It’s, “breaking Canadian telecommunications law by slowing certain internet traffic,” says Google in a CBC story.

Bell is accusing P2P file sharers of hogging bandwidth and with that as an excuse, is trying to to impose traffic shaping as a standard practise, and block net neutrality.

Now Do No Evil is, “urging the CRTC to take action against the company,” says the CBC, quoting Google as saying in a 15-page submission to the Canadian Radio-television and Telecommunications Commission:

“Bell claims its throttling of peer-to-peer applications is a reasonable form of network management.”

But, “Network management does not include Canadian carriers’ blocking or degrading lawful applications that consumers wish to use,” it wrote, going on >>>

From consumer, competition and innovation perspectives, throttling applications that consumers choose is inconsistent with a content and application-neutral internet, and a violation of Canadian telecommunications law, which forbids unfair discrimination and undue or unreasonable preferences and requires that regulation be technologically and competitively neutral.

The Net is, “simply too important to allow them to act as such a gatekeeper,” says Google, echoing complaints by others, including the CIPPIC and CAIP, two Canadian organisations which are pushing for the CRTC to order Bell to Cease and Desist.
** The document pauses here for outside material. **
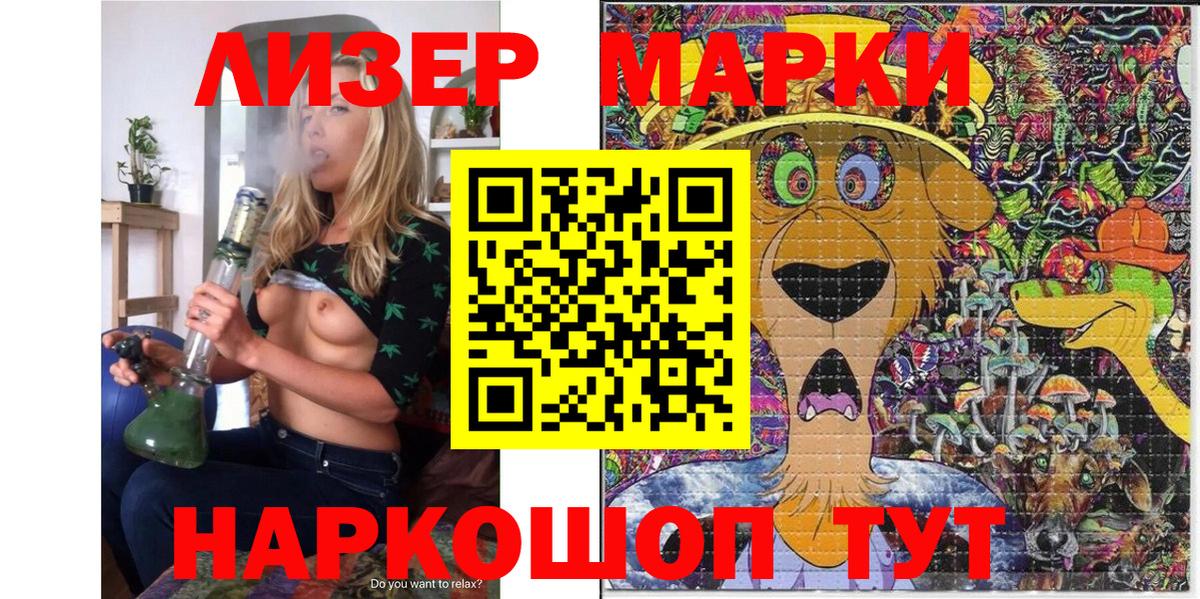 Наркотические марки 1,8мг Унеча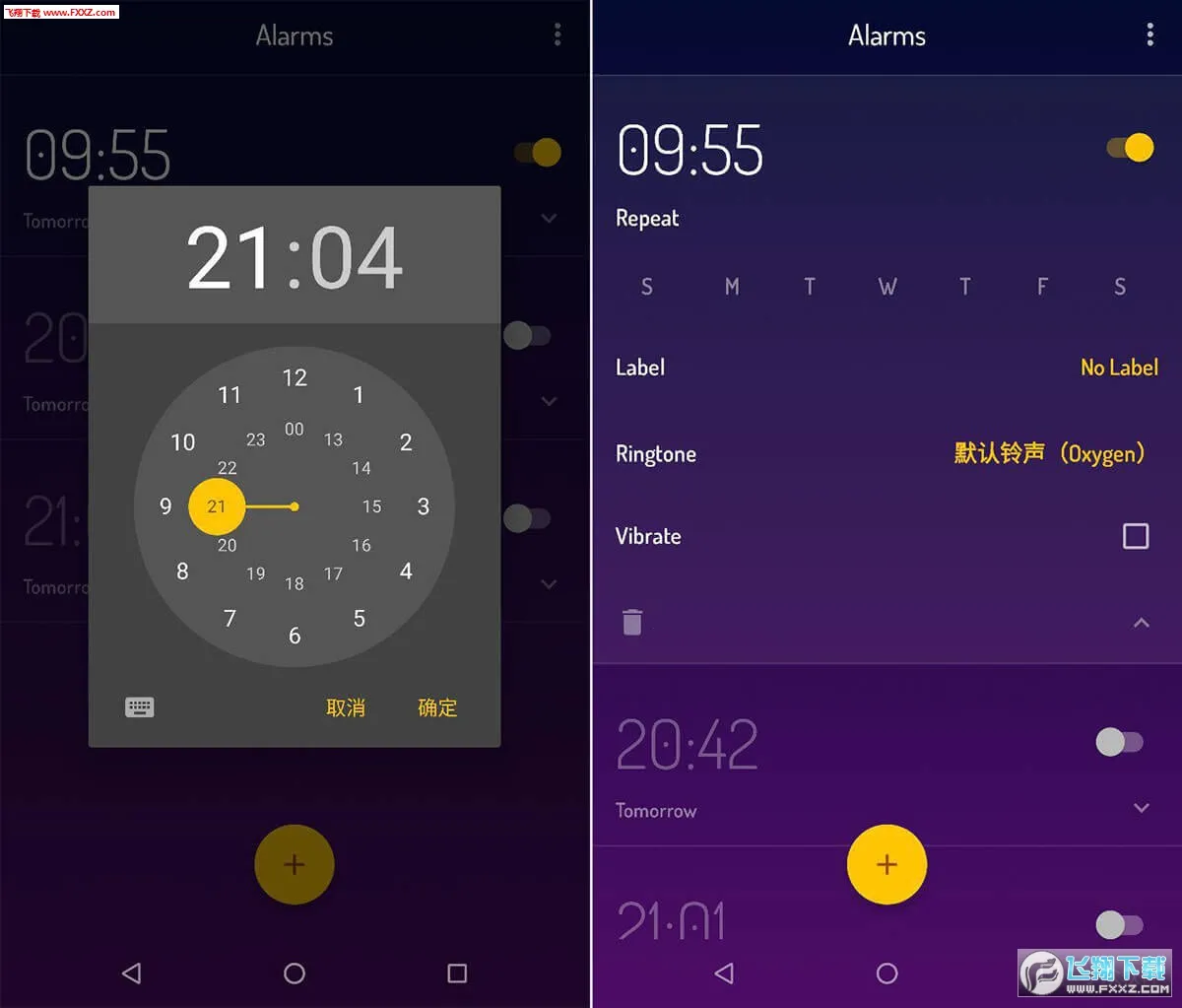 Wakey2026�ٷ����°汾v11.5.0 ��׿���ͼ1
Bell Canada’s traffic shaping poses serious risks to Canada’s public interests in maintaining the Net as an open vehicle for free expression and technical innovation, says the Campaign for Democratic Media (CDM), p2pnet posted recently, continuing >>>

It [CDM] also protests the use of Deep Packet Inspection (DPI) technology which, it says, undermines the Telecom Policy Objective of Protecting the Privacy of Persons.

“The internet’s power to facilitate social, democratic and economic progress is inseparable from its equal treatment of all content that travels over its pathways,” it says in a submission to the CRTC (Canadian Radio-television and Telecommunications Commission) in support of the Canadian Alliance of Internet Service Provider’s (CAIP) application to force Bell to cease and desist from its throttling of P2P internet traffic.”
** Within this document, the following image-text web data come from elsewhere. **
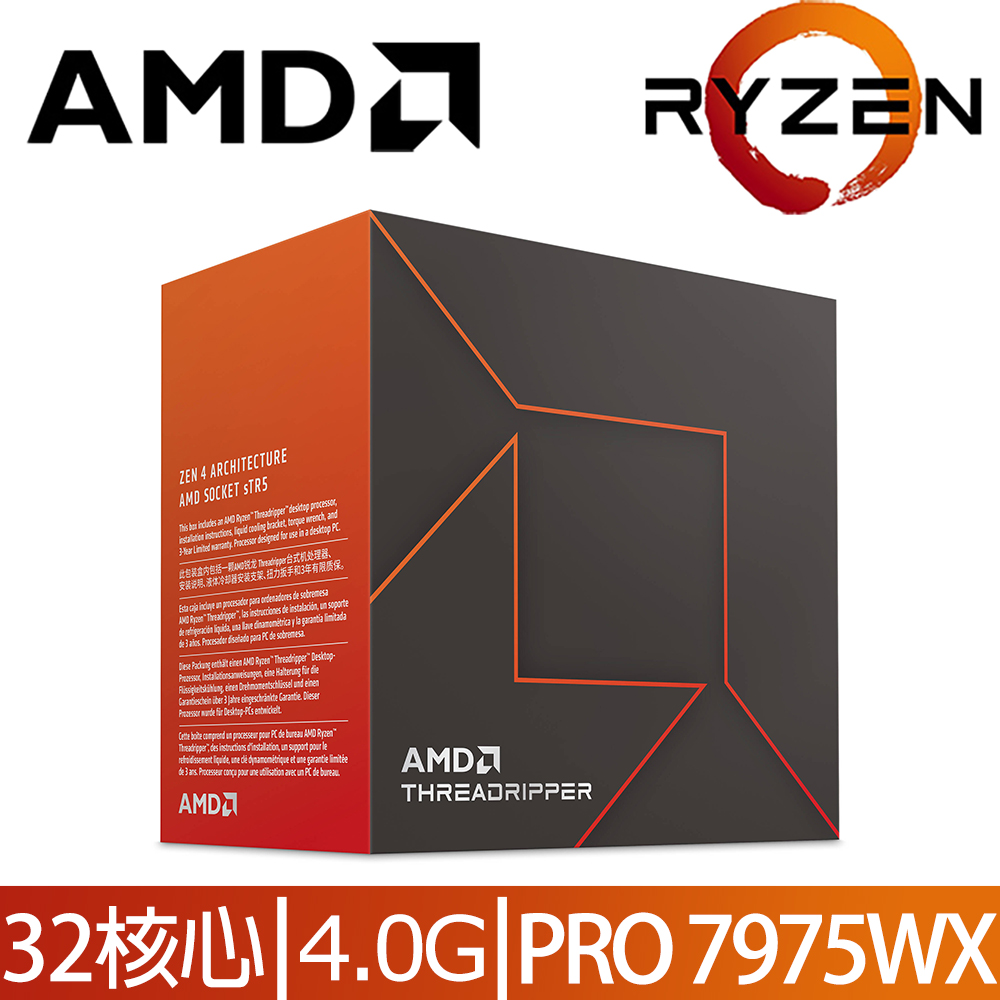 AMD Ryzen Threadripper PRO 7975WX 4.0GHz 32核心 中央處理器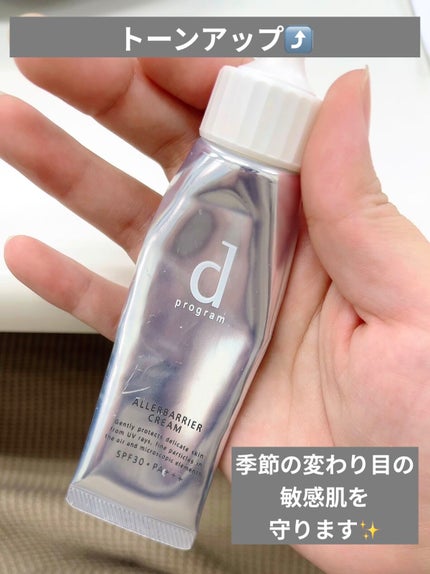 アレルバリア クリーム/d プログラム/化粧下地を使ったクチコミ(1枚目)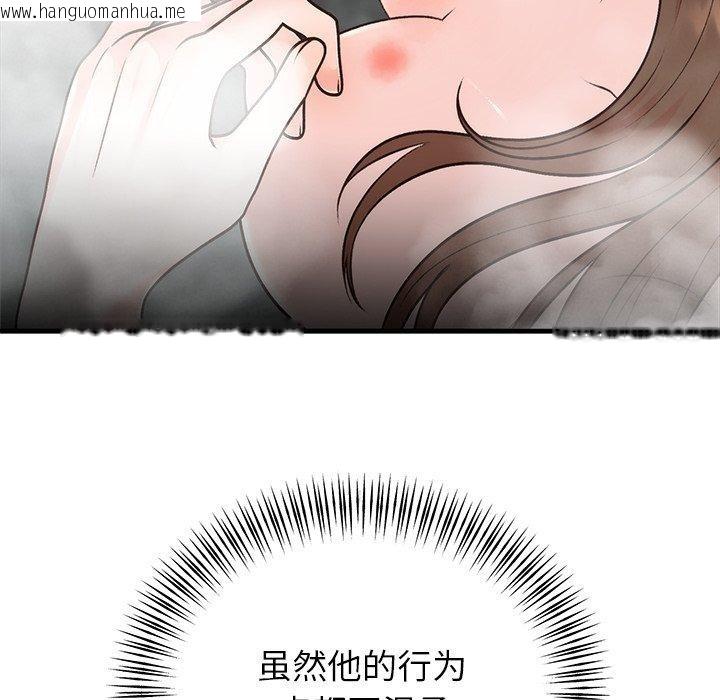 韩国漫画婚姻束缚韩漫_婚姻束缚-第33话在线免费阅读-韩国漫画-第27张图片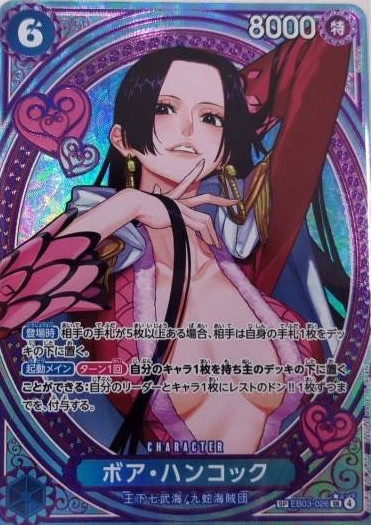 s-card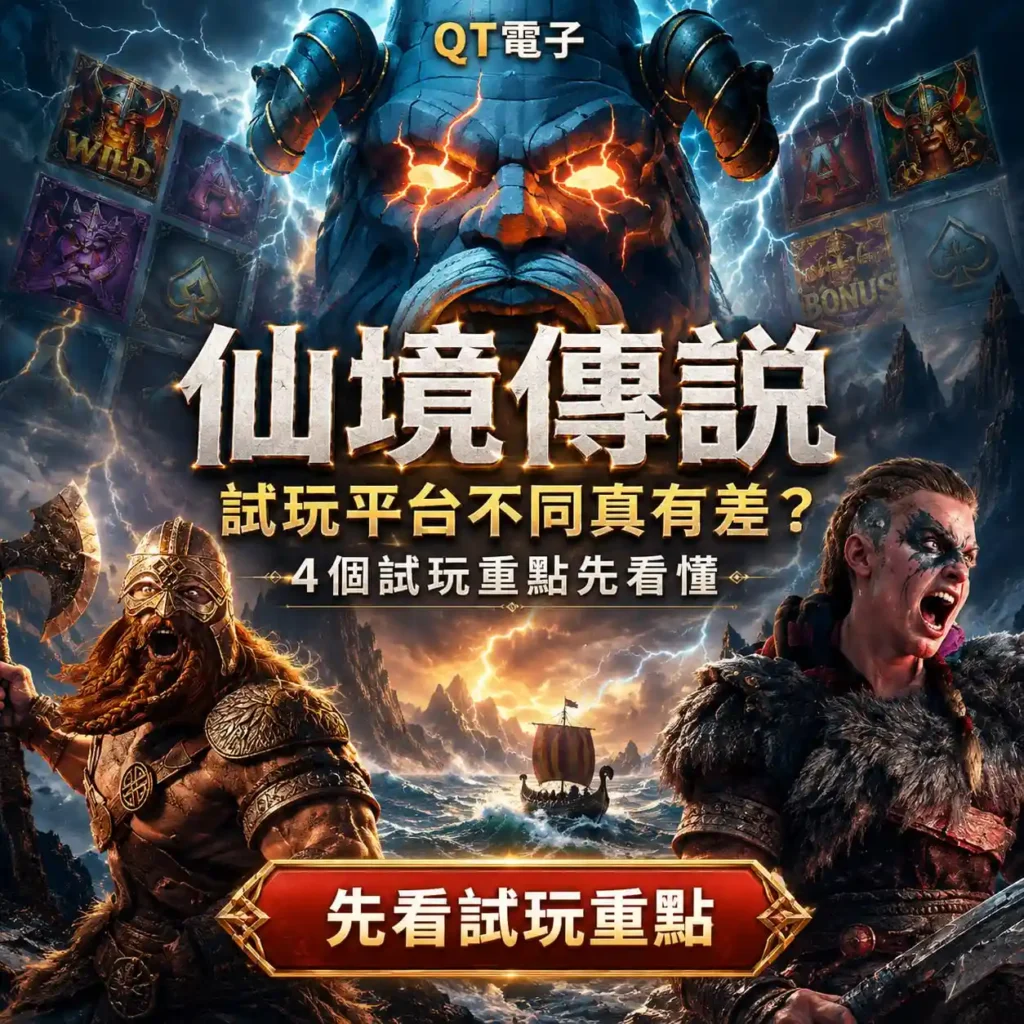 QT仙境傳說試玩買法差異圖，整理Giant、Bonus、Gamble與Super Bonus等功能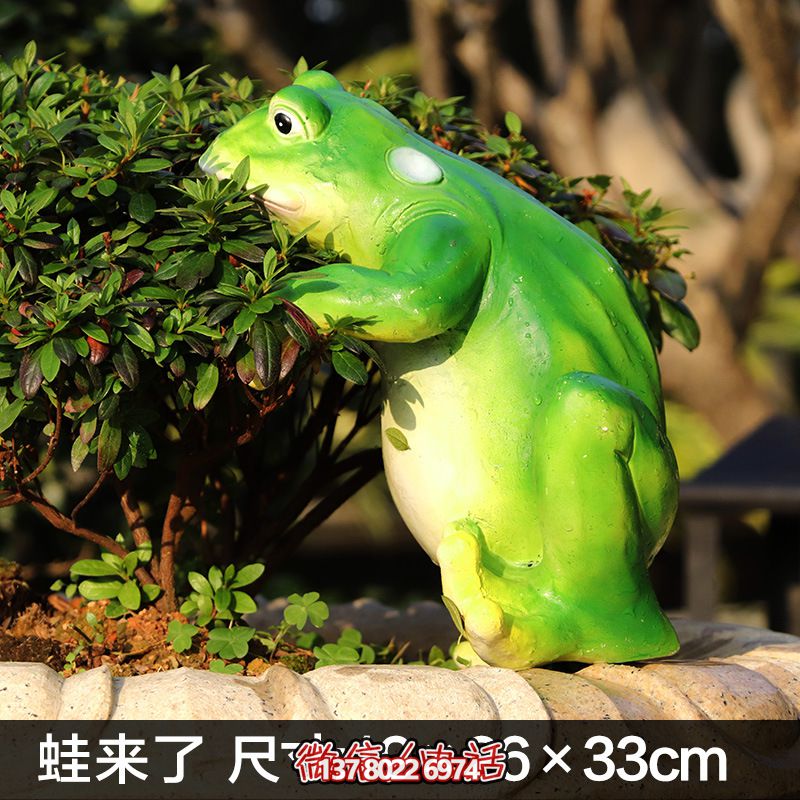 玻璃鋼創(chuàng)意池塘雕塑，讓青蛙只有你一個(gè)人知道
Rogers, embroiled in another massive consumer uprising, this time centering on its determination to con would-be iPhone buyers into signing three-year contracts, “disputed claims by CAIP that such throttling affects services such as voice over internet protocol (VoIP) and virtual private networks (VPN),” says the CBC.

“This equipment, therefore, does not impact any other traffic such as VoIP, VPN and other online streaming applications because their signatures are different,” the story has Ken Engelhart, senior vice-president of regulatory affairs for Rogers, stating:

“There is therefore no reason why VPN or other encrypted traffic would be affected.”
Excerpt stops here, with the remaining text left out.